But, despite this, he said over the years South African agricultural authorities have promoted foreign animal breeds ahead of local ones.
“Those were totally ignored by our department of agriculture [whose officials had an attitude of], ‘what are these funny sheep; they all look so different; their colors are different; their shape is different; some of them have small ears, fat tails, these long, thin legs.”

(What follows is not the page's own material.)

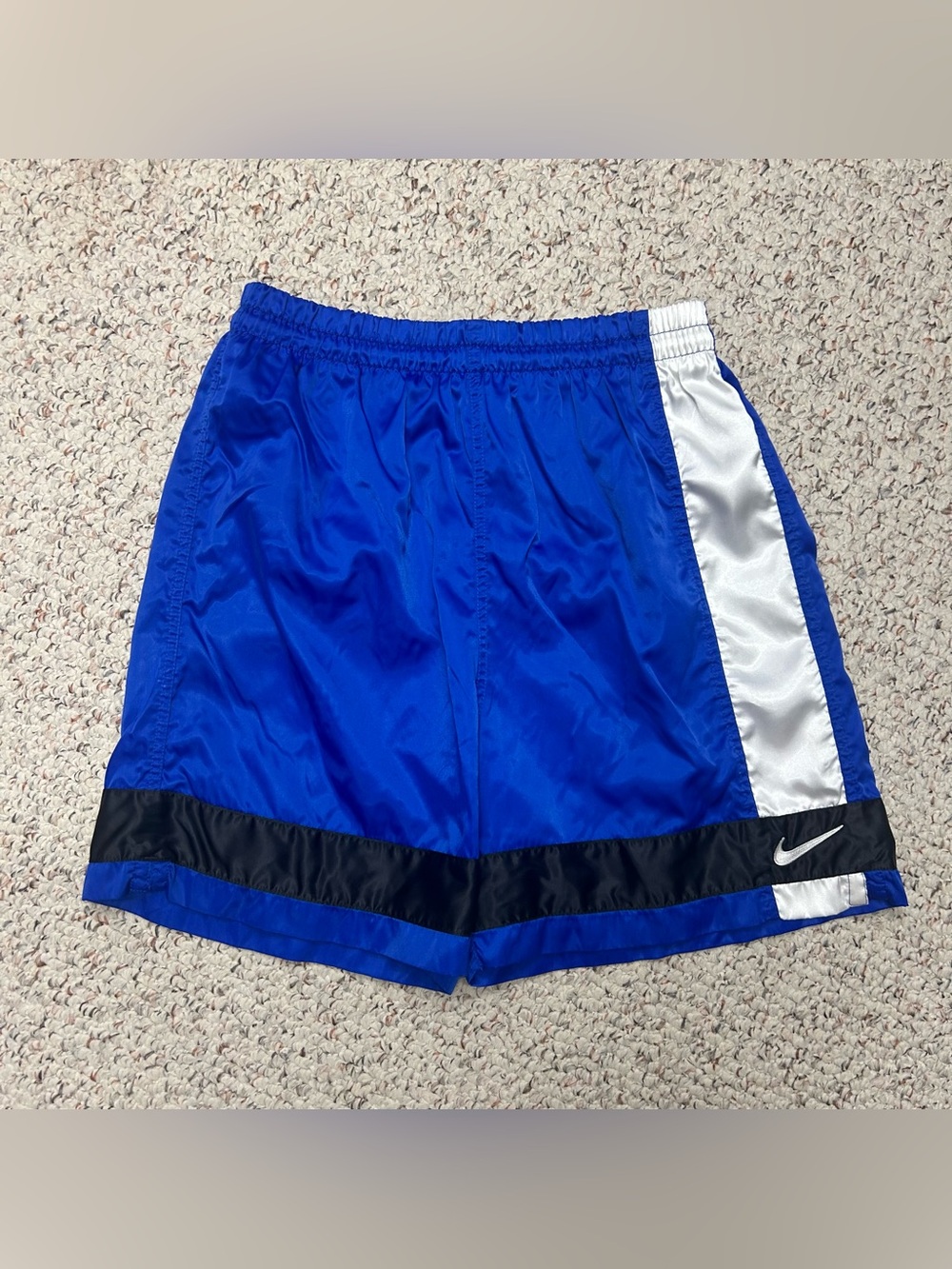 Nike 90s Vintage Satin Nylon Soccer Shorts Blue White Black Small Active Run Gym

Haigh continued, “In the official mind, difference means inferiority.” And so, like many other parts of the world, South African officials, farmer associations and farmers themselves have preferred developing imported breeds that are “all very uniform” and planting “uniform” exotic crops, he said, and have ignored the “obvious” advantages of local animals and crop varieties.
Changing tastes
Haigh is doing his best to change this attitude. He’s trying to convince “as many farmers as possible” that there’s a market for local food. “This is absolutely essential because if local farmers don’t regard indigenous crops and animals as valuable, and if they listen to people who tell them they will only make money by farming with exotic breeds of animals and imported crops, then obviously the production of local food will suffer,” he said.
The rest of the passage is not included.